Araştırmacı-Yazar Aytunç Altındal, Türkiye’nin AB üyeliği sürecindeki gizli kodları çözüyor. Altındal’a göre ‘masonik bir örgütlenme’ olan AB’nin, Türkiye’yi üyeliğe kabul etmesi mümkün değil. Türkiye-AB ilişkilerinin yeni bir dönemece gireceği 17 Aralık öncesinde, 40 yıllık geçmişi bulunan sürecin gizli şifreleri açığa çıkıyor. Araştırmacı-Yazar Aytunç Altındal, AB’ye şekil verenlerin, ‘Gül ve Haç Kardeşliği’ adlı gizli bir masonik örgüt olduğunu, …
Fransa Cumhurbaşkanı Jacques Chirac ile Türkiye’nin üyeliğine en sert tepkiyi gösteren AB Anayasası’nın mimarı Fransız politikacı Giscard d’Estaing’in de bu örgütle bağlantısı olduğunu söyledi. Altındal, AB’nin perde arkasında kalan kodlarını ve Türkiye’yi bekleyen tehlikeleri şöyle anlattı:
ÖNCE KOMÜNİZM ÇÖKTÜ
1- Son 12 yılda neler değişti ki, Avrupa’-ya uzaktan bakan Türkiye birden üyeliği için mücadele edilen bir ülke haline geldi?

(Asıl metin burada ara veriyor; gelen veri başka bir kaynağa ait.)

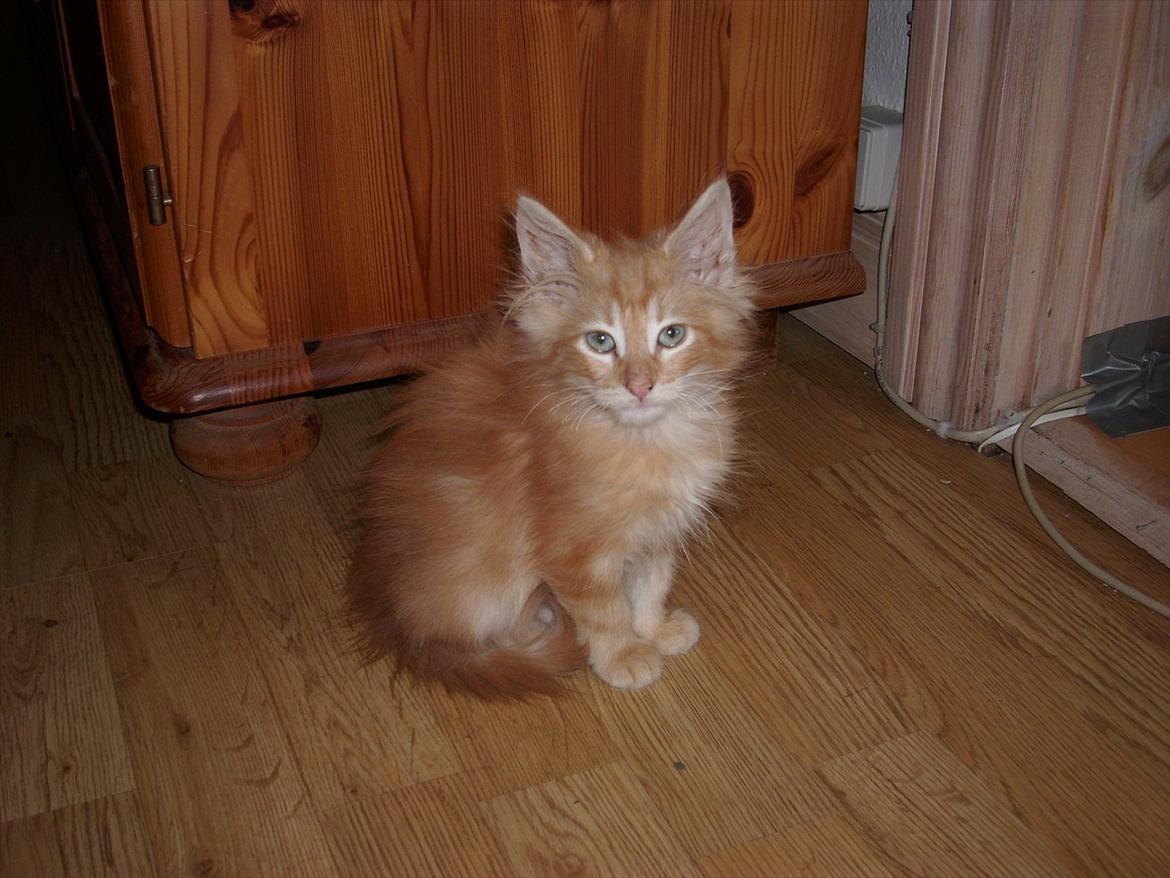 Norsk Skovkat Charlie billede 4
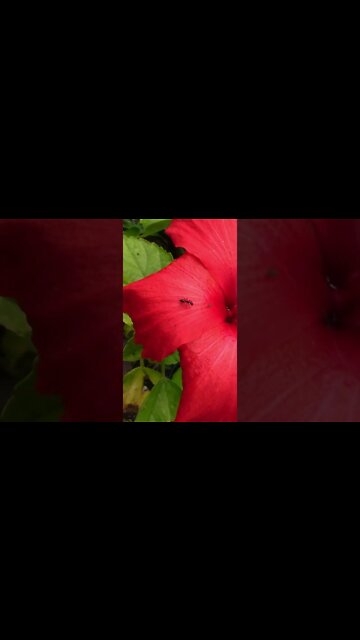 Just A Little Ant #Shorts 🌺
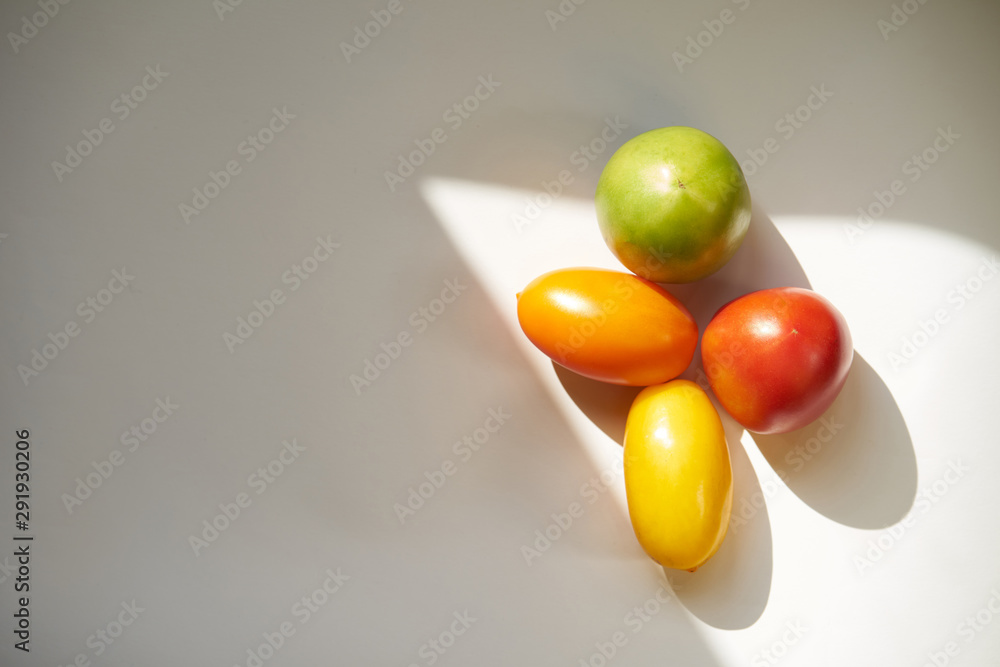 Multicolored tomatoes on white background in harsh sunlight, copy space Multicolored tomatoes on white background in harsh sunlight, copy space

12 yıl öncesini dikkate alırsak, özellikle Sovyet Sosyalist Cumhuriyetleri Birliği’ndeki kendine özel ‘komünizm’in çöktüğünü görürüz. Bu öylesine ani oldu ki, çok değil 1990’da birisi çıkıp da bunu söyleseydi ona ‘Deli/Uçuk’ gibi sıfatlar yakıştırılırdı. Üstelik koskoca komünizm, tek mermi atılmadan çöktü. Düşünebiliyor musunuz ki, Moskova’da Komünist Parti yasaklandı. Türkiye, 70 yıl süreyle Sovyet tehdidini öne sürerek varlığını güvencede tuttu. Sovyetler’den sonra Yugoslavya, Batılı güçler – ve Vatikan – tarafından parçalandı. Sırada Türkiye vardı. Türkiye biz bilmiyoruz ama Batı için ‘Yapay Devlet’ statüsünde görülüyor. Örneğin Sevr Anlaşması’nı biz tek taraflı olarak kabul etmiyoruz. Oysa Sevr taraftarları bu anlaşmadan imzalarını çekmiş değiller. Anlaşma onlar için geçerli. Nitekim 6 Ekim’de açıklanan Tavsiye Raporu’nda azınlık maddesi, kelimesi kelimesine Sevr’den alınmıştı. Türkiye şimdi bir ikilemle karşı karşıya: Ya AB’nin sömürgesi olacak ya da parçalanacak.
UYUTMA TAKTİĞİ
2 – İlerleme Raporu ışığında 17 Aralık’ta verilecek tarihin Türkiye açısından anlamı nedir?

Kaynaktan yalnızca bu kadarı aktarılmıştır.